The main strengths of this study are that it: (1) draws upon a large and representative dataset that was collected using robust and culturally appropriate methods and processes; (2) utilises a validated and reliable tool for assessing mental health problems; (3) employs rigorous analytical methods; and (4) uses a wide range of SES indicators that measure different aspects of socioeconomic disadvantage in the Western Australian Aboriginal population.

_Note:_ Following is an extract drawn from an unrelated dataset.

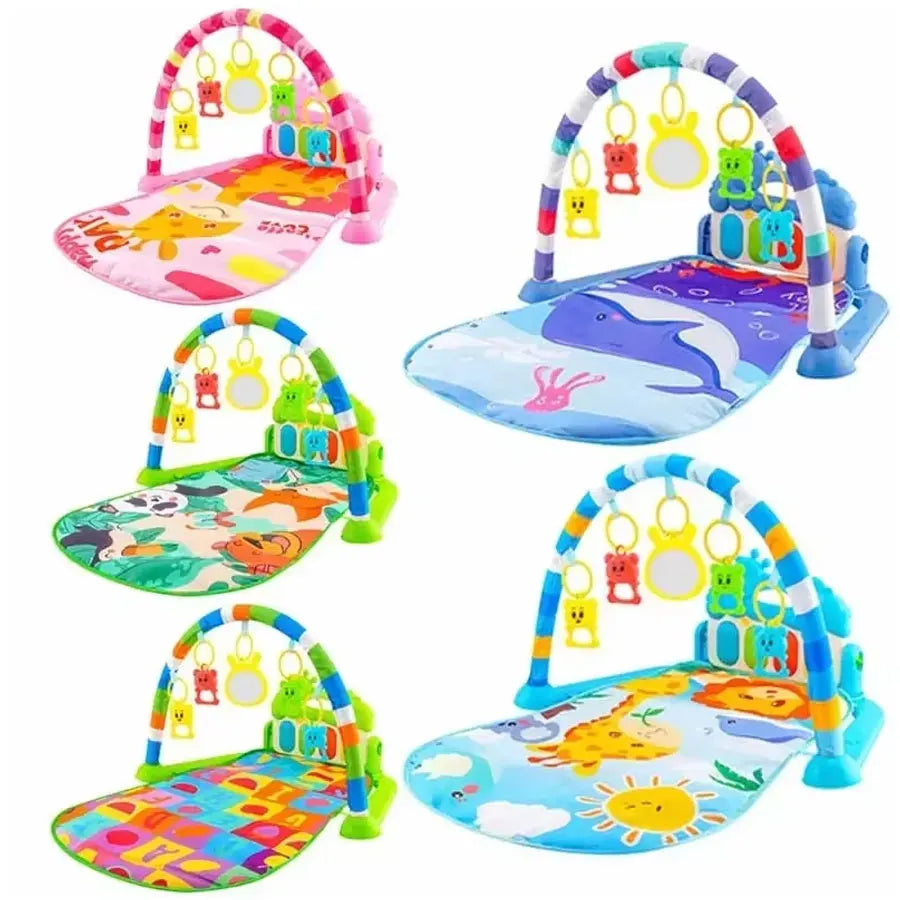 Baby Activity Gym Rack Early Education 0-36 Months Toy Gifts Musical Newborn Piano Keyboard Crawling Blanket Pedal Play Mat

The main limitation is our reliance on cross-sectional data which limits our ability to assess the causal relationships between SES and mental health. Further, a range of generic and context-specific difficulties in measuring SES may have influenced our results. First, SES may have been incorrectly reported by some survey participants. Some participants may have considered expenditure on wealth creation initiatives (e.g., home loan repayments) as a family financial strain. If this interpretation was consistently applied by participants then financial strain will be overstated and potentially lessen the strength of mental health disparities for this SES measure. Second, there are difficulties in creating robust and meaningful SES measures in Aboriginal contexts. For instance, standard indicators of educational attainment typically ignore knowledge that is valued in Indigenous society (that may have an impact on wellbeing) but acquired outside of Western education systems. Third, our measure of education attainment does not capture the quality of the educational experiences of carers. The relatively poor performance of Aboriginal people in education is well-documented [36, 75], and suggests that, at every level of education, Aboriginal people may acquire less health-benefitting knowledge and skills than non-Aboriginal people. If this is applicable to our study sample then we are likely to have understated the strength of the association between carer education and mental health. Fourth, our IRISEO measure is constructed using relatively broad geographic areas where the Aboriginal population often constitute a small minority; consequently, the index may mask the SES characteristics of the total population of an area, and variations in SES within areas. In addition, IRISEO does not capture all community-level SES variables or the full spectrum of factors that have been identified by Aboriginal Australians as important to community wellbeing, such as the resources gained from traditional subsistence activities, access to traditional lands and cultural maintenance [50]. Accordingly, the lack of a clear association between child mental health and the area-level SES characteristics of the Aboriginal population may be an artefact of the composition of the IRISEO measure.

Conclusions

Our findings are consistent with the prevailing pattern in the mainstream literature – in Australia and elsewhere – where higher parental and household SES is generally associated with better child mental health outcomes [31, 32, 70, 7680]. This study, in conjunction with a small set of studies of Aboriginal child, youth and adult populations in Australia [27, 8183], provides incremental evidence of a social gradient in the mental health of Aboriginal populations. This has important policy implications, particularly in light of the considerably higher prevalence of mental health problems among Aboriginal children than non-Aboriginal children in Western Australia [29]. The larger burden of mental health among Aboriginal children represents a major public health problem affecting Australian society as a whole. Our findings suggest that improving the social, economic and psychological conditions of Aboriginal families has considerable potential to reduce the mental health inequalities within Aboriginal populations and, in turn, to close the substantial racial gap in mental health. Interventions that target housing quality, home ownership and neighbourhood-level disadvantage are likely to be particularly beneficial. Part of the goal should be to reduce the number of life stresses faced by Aboriginal families, which is likely to have significant payoffs for Aboriginal child wellbeing and development.